==== Material provided

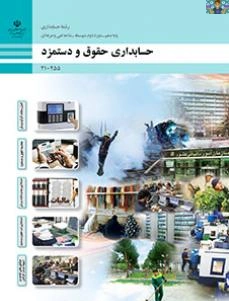 آزمون پودمان پنجم واحد یادگیری یک اردیبهشت 1405 درس دستمزد پایه دهم حسابداری شامل سوال تستی و عملی با پاسخنامه در قالب ورد و قابل ویرایش برای هنرجویان و هنرآموزان حسابداری و داوطلبان آموزشگاه آزاد .
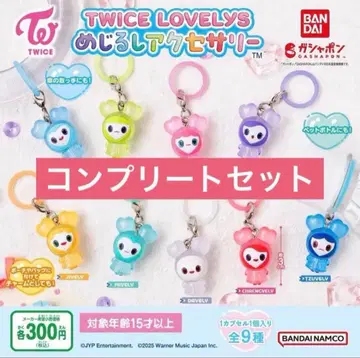 TWICE LOVELY 메지루시 액세서리 컴프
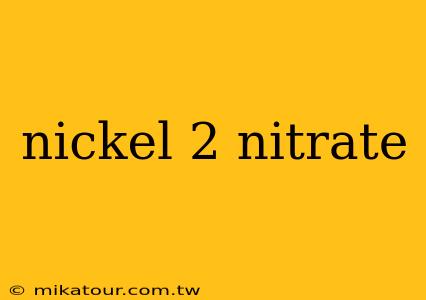 nickel 2 nitrate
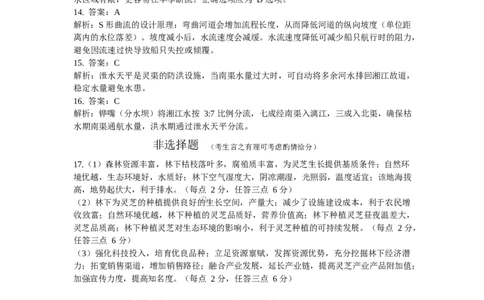 高三地理参考答案_2025年3月_250325贵州省铜仁市2025届高三下学期3月模拟考试_贵州省铜仁市2024-2025学年高三下学期3月模拟考试地理试题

========

Your task.
The expected answer consists solely of the lines from the one with "TWICE LOVELY 메지루시 액세서리 컴프" through the last line of the listing above, restated exactly, minus any pictures.

Response area.
 TWICE LOVELY 메지루시 액세서리 컴프
 nickel 2 nitrate
 高三地理参考答案_2025年3月_250325贵州省铜仁市2025届高三下学期3月模拟考试_贵州省铜仁市2024-2025学年高三下学期3月模拟考试地理试题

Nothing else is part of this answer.